**What needs to be done**:
Every line of the material is to be transcribed verbatim, with images omitted.

**Recorded data**:

-=-=-=-=-

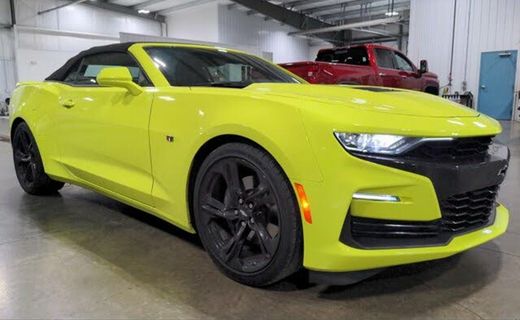 2019 Chevrolet Camaro 2SS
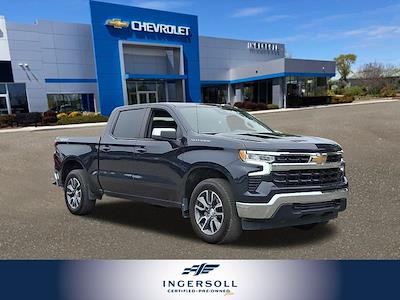 2024 Chevrolet Silverado 1500 Crew Cab 4WD Pickup for sale #A125798 - photo 1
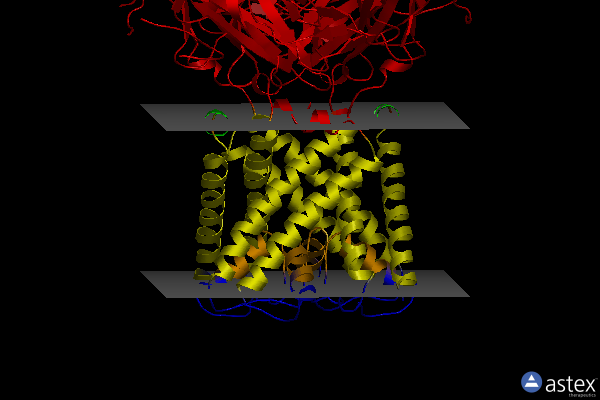 Membrane view of 3syq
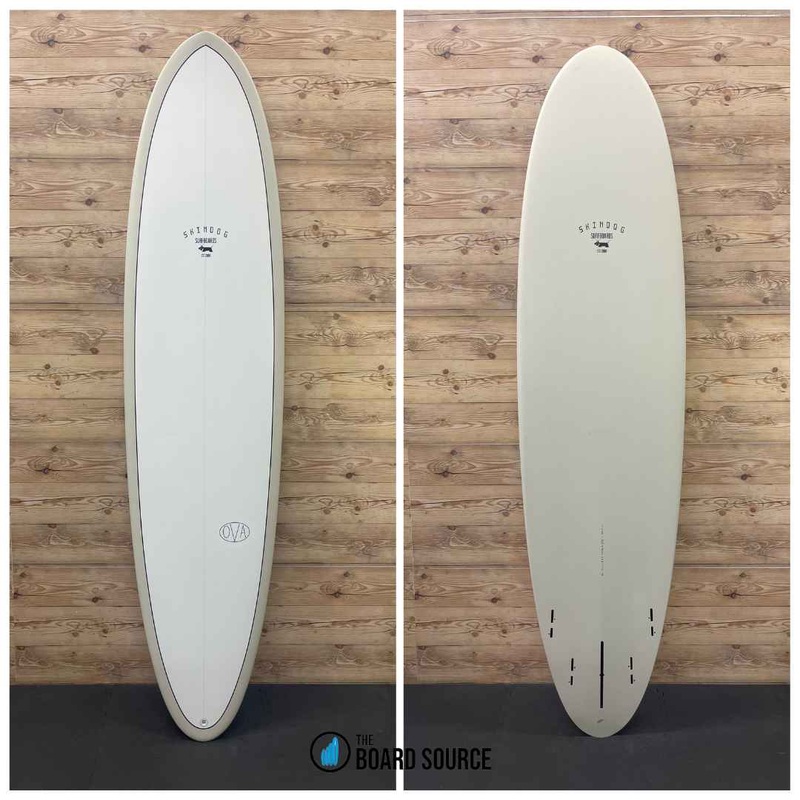 Ova 8’0″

-=-=-=-=-

**Written response**:
 2019 Chevrolet Camaro 2SS
 2024 Chevrolet Silverado 1500 Crew Cab 4WD Pickup for sale #A125798 - photo 1
 Membrane view of 3syq
 Ova 8’0″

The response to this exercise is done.